A 15 h 45, sous le hangar, assis sur plusieurs rangs derrière des banderoles flottant au vent, les jeunes Rennais debout au fond, les gens scandent on va gagner et Ayrault dégage. Un petit air de printemps arabe flotte quand Philippe Champigny improvise un discours la visite du juge se limite à l'extérieur de la Vache Rit, ici on n'estime rien. Nous souhaitons l'arrêt du projet, et j'ose dire, vous êtes au bord du volcan. C'est ici le point central d'organisation, de réflexion, de croisement des gens qui résistent, c'est notre barricade du faubourg Saint-Antoine, il n'est pas question que vous entriez, si vous voulez pénétrez ici, vous vous en donnez les moyens de le faire. Nouvelle salve d'Ayrault dégage, poignée de main entre le juge et Philippe, et le cortège repart visiter les bâtiments de l'exploitation. D'une ferme où plusieurs générations de Fresneau se sont succédé sur la même terre. Certains agriculteurs et proches de la famille dans l'assistance ont les larmes aux yeux.
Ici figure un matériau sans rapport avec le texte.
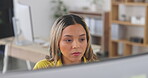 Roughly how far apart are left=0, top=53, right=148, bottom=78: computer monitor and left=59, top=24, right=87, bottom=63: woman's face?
0.32m

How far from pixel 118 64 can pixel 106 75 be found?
0.08 feet

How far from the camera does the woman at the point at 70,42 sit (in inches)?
26.8

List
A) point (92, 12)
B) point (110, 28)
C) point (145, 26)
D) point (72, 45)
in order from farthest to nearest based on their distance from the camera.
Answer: point (92, 12), point (110, 28), point (145, 26), point (72, 45)

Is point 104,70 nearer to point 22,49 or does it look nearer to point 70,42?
point 70,42

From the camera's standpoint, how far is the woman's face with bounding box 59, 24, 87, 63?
2.23 ft

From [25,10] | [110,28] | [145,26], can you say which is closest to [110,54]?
[110,28]

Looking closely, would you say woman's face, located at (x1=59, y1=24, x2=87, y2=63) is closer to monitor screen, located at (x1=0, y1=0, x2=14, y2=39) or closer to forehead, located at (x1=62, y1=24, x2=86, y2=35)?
forehead, located at (x1=62, y1=24, x2=86, y2=35)

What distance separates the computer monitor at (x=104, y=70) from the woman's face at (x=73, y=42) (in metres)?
0.32

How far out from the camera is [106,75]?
1.17 feet

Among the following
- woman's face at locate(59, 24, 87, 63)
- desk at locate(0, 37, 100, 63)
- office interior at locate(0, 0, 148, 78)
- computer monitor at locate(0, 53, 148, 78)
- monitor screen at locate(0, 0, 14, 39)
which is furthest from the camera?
monitor screen at locate(0, 0, 14, 39)

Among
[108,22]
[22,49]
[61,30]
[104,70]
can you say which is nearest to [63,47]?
[61,30]

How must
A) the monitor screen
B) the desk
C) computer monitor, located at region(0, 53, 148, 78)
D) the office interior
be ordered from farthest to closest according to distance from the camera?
the monitor screen, the office interior, the desk, computer monitor, located at region(0, 53, 148, 78)

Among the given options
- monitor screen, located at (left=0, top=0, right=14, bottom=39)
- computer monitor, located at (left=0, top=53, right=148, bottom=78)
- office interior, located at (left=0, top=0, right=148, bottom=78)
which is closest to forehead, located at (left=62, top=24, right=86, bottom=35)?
computer monitor, located at (left=0, top=53, right=148, bottom=78)

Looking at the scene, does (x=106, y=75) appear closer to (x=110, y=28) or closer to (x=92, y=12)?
(x=110, y=28) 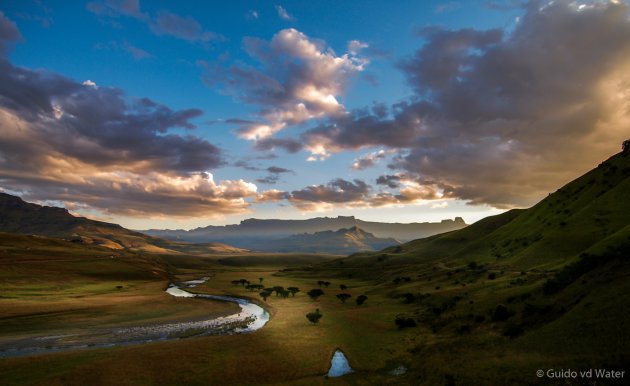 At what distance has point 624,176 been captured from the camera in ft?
404

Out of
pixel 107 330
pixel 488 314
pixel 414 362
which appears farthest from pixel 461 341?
pixel 107 330

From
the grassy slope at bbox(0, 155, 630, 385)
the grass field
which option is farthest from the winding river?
the grass field

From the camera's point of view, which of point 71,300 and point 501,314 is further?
point 71,300

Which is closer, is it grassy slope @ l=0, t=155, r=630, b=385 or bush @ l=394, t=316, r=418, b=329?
grassy slope @ l=0, t=155, r=630, b=385

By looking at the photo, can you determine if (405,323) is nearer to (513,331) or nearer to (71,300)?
(513,331)

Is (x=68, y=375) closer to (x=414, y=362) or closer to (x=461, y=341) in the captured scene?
(x=414, y=362)

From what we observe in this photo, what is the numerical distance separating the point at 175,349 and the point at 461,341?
139 ft

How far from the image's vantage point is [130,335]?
216 ft

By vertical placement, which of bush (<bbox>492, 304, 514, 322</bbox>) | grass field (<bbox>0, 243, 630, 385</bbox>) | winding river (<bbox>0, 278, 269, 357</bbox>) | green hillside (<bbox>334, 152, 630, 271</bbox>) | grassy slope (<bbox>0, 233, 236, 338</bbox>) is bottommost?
grassy slope (<bbox>0, 233, 236, 338</bbox>)

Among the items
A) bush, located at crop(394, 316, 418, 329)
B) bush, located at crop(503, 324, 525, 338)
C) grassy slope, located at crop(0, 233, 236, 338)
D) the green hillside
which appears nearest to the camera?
bush, located at crop(503, 324, 525, 338)

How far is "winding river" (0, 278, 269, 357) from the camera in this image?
56.8 meters

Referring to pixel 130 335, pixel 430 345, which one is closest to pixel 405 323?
pixel 430 345

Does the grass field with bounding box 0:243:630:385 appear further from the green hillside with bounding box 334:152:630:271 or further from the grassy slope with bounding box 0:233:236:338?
the green hillside with bounding box 334:152:630:271

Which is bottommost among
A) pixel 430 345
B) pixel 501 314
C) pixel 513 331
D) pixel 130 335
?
pixel 130 335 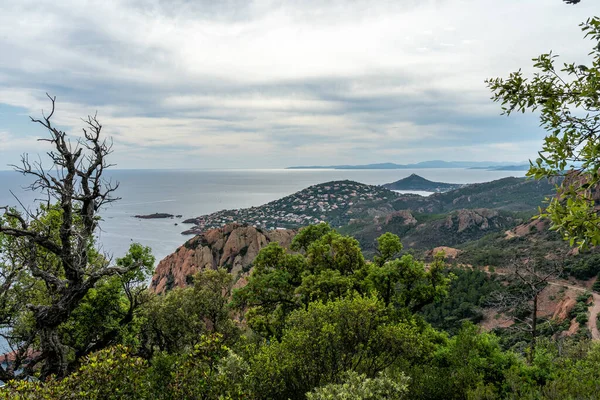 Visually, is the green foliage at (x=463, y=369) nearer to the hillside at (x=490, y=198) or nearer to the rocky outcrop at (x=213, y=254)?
the rocky outcrop at (x=213, y=254)

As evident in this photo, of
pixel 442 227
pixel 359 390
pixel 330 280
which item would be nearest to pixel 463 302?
pixel 330 280

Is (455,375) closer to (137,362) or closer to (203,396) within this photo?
(203,396)

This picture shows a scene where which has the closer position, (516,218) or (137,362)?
(137,362)

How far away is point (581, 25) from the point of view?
530cm

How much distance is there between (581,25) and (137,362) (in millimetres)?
10741

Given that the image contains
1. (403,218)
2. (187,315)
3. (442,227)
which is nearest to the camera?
(187,315)

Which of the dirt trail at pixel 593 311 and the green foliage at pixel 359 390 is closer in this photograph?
the green foliage at pixel 359 390

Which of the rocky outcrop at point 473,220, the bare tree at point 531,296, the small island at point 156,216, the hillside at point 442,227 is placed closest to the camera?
the bare tree at point 531,296

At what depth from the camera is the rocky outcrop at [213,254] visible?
5899cm

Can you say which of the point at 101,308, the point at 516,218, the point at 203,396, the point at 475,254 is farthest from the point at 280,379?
the point at 516,218

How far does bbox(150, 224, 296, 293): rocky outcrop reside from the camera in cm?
5899

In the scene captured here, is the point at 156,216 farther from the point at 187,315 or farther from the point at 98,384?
the point at 98,384

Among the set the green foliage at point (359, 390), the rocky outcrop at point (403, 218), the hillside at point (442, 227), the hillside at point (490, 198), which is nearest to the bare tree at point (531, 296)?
the green foliage at point (359, 390)

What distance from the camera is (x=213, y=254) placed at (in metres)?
62.5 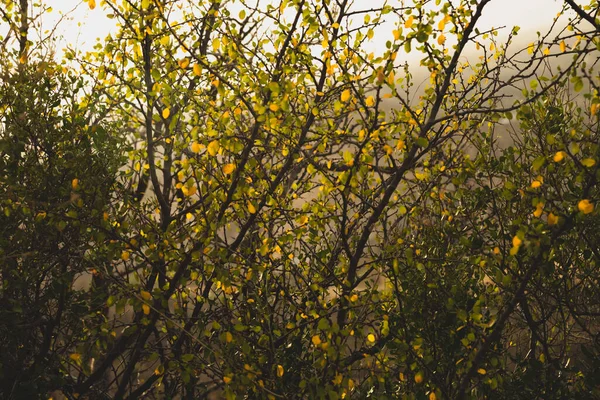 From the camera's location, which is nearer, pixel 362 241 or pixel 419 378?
pixel 419 378

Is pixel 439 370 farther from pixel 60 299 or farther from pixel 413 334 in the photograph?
pixel 60 299

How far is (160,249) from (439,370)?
255 cm

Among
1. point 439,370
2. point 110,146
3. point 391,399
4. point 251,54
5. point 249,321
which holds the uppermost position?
point 251,54

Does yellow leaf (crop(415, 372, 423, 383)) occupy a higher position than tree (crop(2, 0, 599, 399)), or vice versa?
tree (crop(2, 0, 599, 399))

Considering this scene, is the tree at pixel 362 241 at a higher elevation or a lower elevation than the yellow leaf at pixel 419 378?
higher

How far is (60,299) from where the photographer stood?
5.35m

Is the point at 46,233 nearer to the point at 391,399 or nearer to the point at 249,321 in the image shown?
the point at 249,321

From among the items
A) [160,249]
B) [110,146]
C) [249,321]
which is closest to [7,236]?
[110,146]

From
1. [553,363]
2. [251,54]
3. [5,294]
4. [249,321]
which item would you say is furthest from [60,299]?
[553,363]

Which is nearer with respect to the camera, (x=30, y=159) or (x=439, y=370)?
(x=439, y=370)

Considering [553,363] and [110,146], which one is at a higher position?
[110,146]

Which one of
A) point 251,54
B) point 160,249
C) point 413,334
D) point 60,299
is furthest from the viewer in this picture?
point 251,54

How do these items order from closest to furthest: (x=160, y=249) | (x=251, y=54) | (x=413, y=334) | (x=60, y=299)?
(x=160, y=249) → (x=413, y=334) → (x=60, y=299) → (x=251, y=54)

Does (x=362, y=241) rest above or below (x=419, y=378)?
above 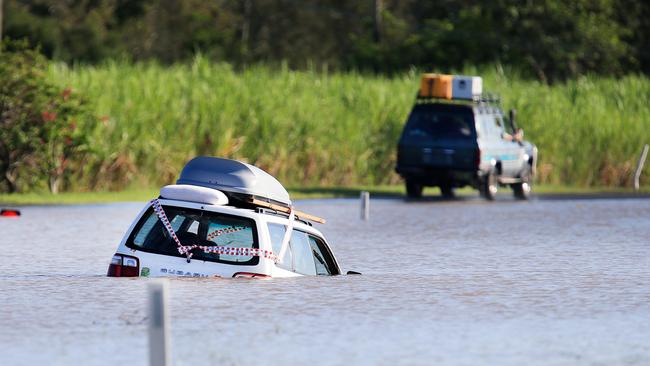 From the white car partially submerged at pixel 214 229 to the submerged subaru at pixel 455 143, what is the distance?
63.7ft

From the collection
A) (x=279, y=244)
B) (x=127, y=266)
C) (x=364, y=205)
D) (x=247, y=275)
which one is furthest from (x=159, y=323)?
(x=364, y=205)

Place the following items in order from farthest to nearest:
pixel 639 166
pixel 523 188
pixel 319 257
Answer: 1. pixel 639 166
2. pixel 523 188
3. pixel 319 257

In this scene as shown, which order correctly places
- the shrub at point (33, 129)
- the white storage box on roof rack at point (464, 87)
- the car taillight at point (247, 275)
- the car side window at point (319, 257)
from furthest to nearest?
the white storage box on roof rack at point (464, 87) → the shrub at point (33, 129) → the car side window at point (319, 257) → the car taillight at point (247, 275)

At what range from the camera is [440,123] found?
34.6 meters

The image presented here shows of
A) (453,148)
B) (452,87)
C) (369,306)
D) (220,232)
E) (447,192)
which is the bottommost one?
(447,192)

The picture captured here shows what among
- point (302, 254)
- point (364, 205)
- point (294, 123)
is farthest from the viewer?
point (294, 123)

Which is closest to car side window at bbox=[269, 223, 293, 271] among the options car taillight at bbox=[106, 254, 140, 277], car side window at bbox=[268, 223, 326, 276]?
car side window at bbox=[268, 223, 326, 276]

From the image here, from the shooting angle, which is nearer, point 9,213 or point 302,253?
point 302,253

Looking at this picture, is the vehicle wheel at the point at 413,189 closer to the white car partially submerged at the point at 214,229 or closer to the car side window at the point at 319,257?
the car side window at the point at 319,257

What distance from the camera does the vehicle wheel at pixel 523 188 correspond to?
36.6 metres

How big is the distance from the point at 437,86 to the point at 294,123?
151 inches

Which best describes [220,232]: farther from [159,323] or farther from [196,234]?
[159,323]

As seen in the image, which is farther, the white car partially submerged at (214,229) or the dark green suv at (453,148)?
the dark green suv at (453,148)

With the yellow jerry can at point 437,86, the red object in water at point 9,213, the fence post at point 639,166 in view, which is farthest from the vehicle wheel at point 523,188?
the red object in water at point 9,213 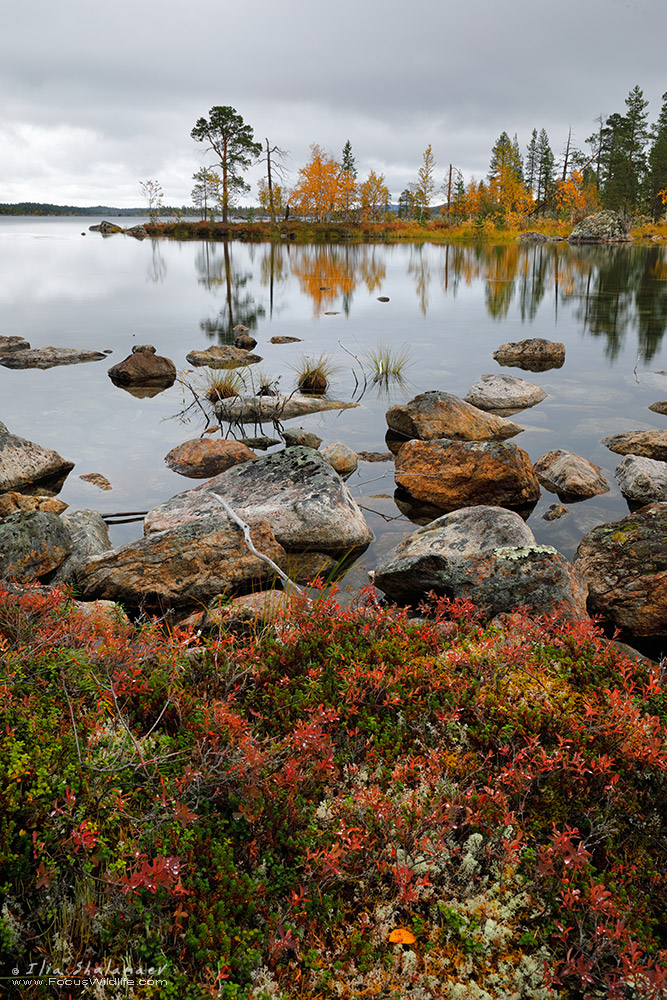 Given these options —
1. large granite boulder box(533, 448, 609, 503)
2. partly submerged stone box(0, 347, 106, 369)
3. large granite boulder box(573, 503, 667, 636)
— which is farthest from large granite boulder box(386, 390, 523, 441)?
partly submerged stone box(0, 347, 106, 369)

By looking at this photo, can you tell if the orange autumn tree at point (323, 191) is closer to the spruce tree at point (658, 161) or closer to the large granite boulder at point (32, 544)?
the spruce tree at point (658, 161)

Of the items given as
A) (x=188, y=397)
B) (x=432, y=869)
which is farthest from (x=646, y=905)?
(x=188, y=397)

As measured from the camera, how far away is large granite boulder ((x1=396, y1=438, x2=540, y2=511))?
25.0 ft

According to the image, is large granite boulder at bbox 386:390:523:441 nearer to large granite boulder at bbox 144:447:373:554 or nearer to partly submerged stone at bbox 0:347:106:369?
large granite boulder at bbox 144:447:373:554

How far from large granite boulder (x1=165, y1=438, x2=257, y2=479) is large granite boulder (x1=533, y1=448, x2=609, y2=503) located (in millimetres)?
4227

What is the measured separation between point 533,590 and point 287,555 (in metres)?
2.66

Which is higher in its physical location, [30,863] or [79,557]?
[30,863]

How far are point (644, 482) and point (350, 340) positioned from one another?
12.5m

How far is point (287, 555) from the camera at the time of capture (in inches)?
250

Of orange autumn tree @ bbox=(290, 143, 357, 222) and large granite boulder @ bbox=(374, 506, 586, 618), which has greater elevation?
orange autumn tree @ bbox=(290, 143, 357, 222)

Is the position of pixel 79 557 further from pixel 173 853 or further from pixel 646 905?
pixel 646 905

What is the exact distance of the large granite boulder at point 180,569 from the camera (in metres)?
5.23

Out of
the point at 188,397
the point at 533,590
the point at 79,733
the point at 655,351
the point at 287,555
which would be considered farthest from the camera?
the point at 655,351

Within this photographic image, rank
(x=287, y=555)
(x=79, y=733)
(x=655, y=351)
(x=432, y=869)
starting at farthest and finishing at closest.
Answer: (x=655, y=351)
(x=287, y=555)
(x=79, y=733)
(x=432, y=869) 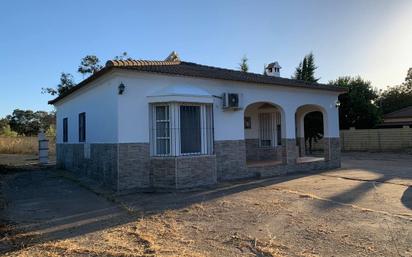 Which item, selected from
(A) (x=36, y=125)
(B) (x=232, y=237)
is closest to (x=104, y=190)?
(B) (x=232, y=237)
La Belgique était passée maîtresse en la matière des ponts qui n'aboutissent nulle part (voir le site) des métros inutilisés ou inachevés, les tuyaux restés vides (voir le site) , les bâtiments construits mais délaissés et autres grands gaspillages. Tout porte à croire qu'entre le projet aéroportuaire et le super-périphérique nantais la France veut entraîner la Bretagne sur le même chemin, malgré l'exemple préventif de l'aéroport d'affaires d'Ancenis ouvert en 1998 (voir le site) qui empoisonne à hauteur de 250.000 € par an le budget de la communauté de communes du pays d'Ancenis (COMPA) avec sa piste trop petite pour l'aviation d'affaires (voir le site) Ce gouffre à subventions a depuis été repris par Vinci pour y baser les aéroclubs actuellement installés autour de Nantes-Atlantique. Et trouver enfin un profit au premier émule breton de Montréal-Mirabel (voir le site) Mardi prochain, et chaque semaine, le juge revient pour continuer à estimer les bâtiments et les prés de Notre-Dame des Landes.